A lifelong sufferer of respiratory allergies, Daniell fled the city in 1936 for Monhegan Island, where he photographed working fishermen and began a nearly 70-year association with the state. A collection of his vintage photographs of Monhegan were shown last fall in an exhibition at the Portland Museum of Art, where several of his works are part of the permanent collection. Daniell’s works are also represented in collections at the Museum of Modern Art in New York, The National Gallery in Washington, D.C., the University of Maine, and Bowdoin and Colby Colleges.
While Daniell’s photos appeared in Time and Life magazines, and in later years in Down East magazine, art critics and other photographers felt he never received the recognition he deserved as an artist.
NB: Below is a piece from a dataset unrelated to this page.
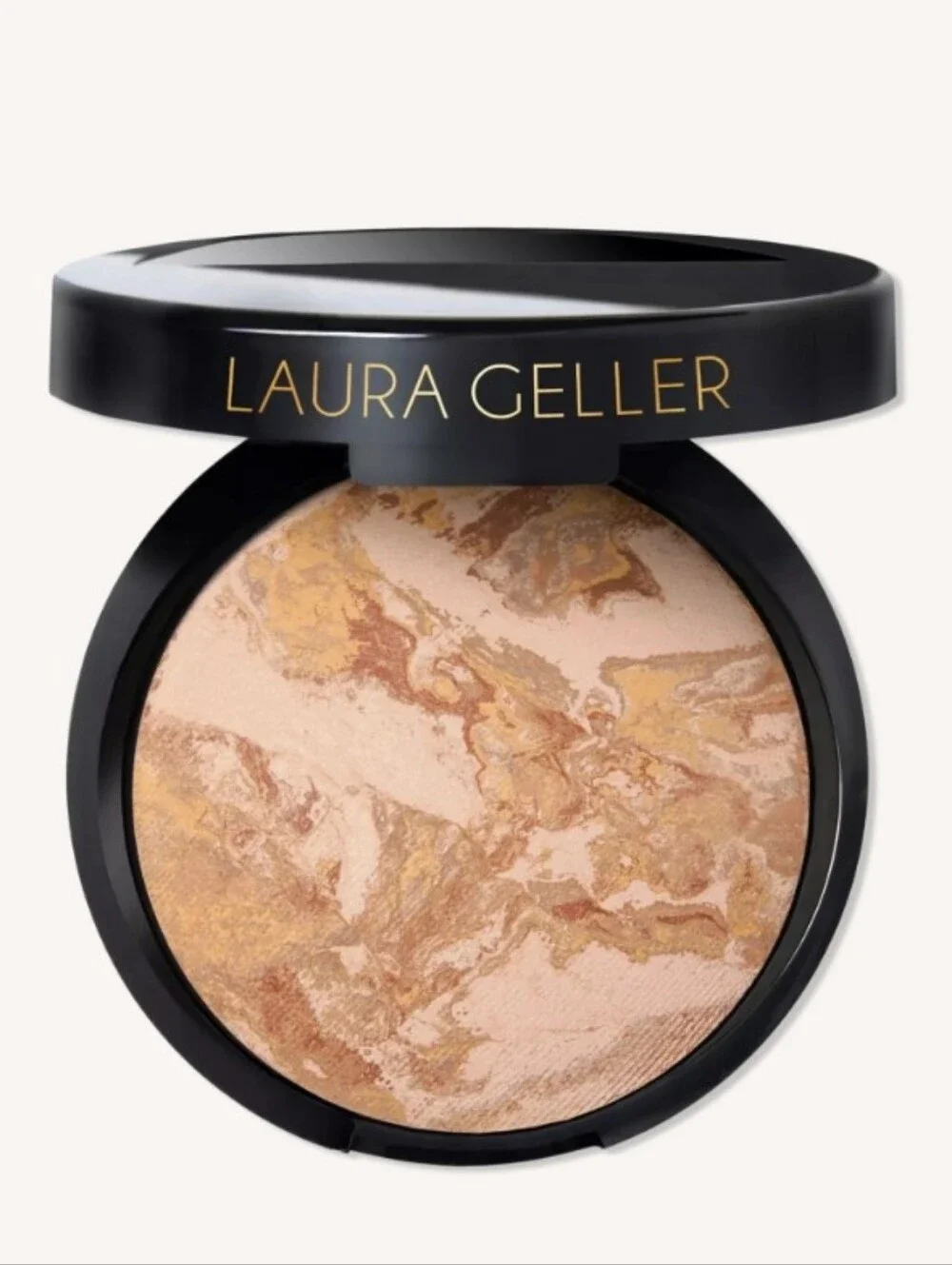Laura Geller Baked-n-Brighten Color Correcting Foundation - Medium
In the last 15 years, however, many friends and professionals advocated for Daniell, both as a painter and photographer. This resulted in several critically acclaimed exhibitions, including ones in New York City, as well as in galleries in Northeast Harbor, Southwest Harbor and Portland. Daniell had recently been interviewed by the Georgia O’Keeffe Foundation in Santa Fe, N.M., because of his photos of and friendship with the painter. But his photos received an even wider audience through greeting cards published by Borealis Press in Surry.
“We’re talking about two George Daniells here,” said Carl Little, an arts writer in Somesville. “He was a photographer who did his greatest work in the ’30s, ’40s, ’50s and early ’60s. He was also a watercolorist who bloomed when he wasn’t doing photography and still had creative impulses. There’s an enormous achievement there, and a lot of work is still to be uncovered. His photographic oeuvre is very important.”
Three weeks ago, Daniell was hospitalized for a stroke. Until that time and despite debilitation from an earlier stroke, he painted every day in a sunlit studio in a back room of his home, which he shared with Roy Oxley, his companion. In addition to Oxley, Daniell is survived by several cousins including Howard Lockwood and Phyllis Geiger, both of Florida, Isabelle Dourrie of Pennsylvania, and Nancy Whitcom of Massachusetts.
Daniell, whose artistic impulse extended to journals and short autobiographical sketches, wrote last year in a letter to a friend: “Art – writing, painting, music – is life with a little (no, a lot) of human warmth thrown in.”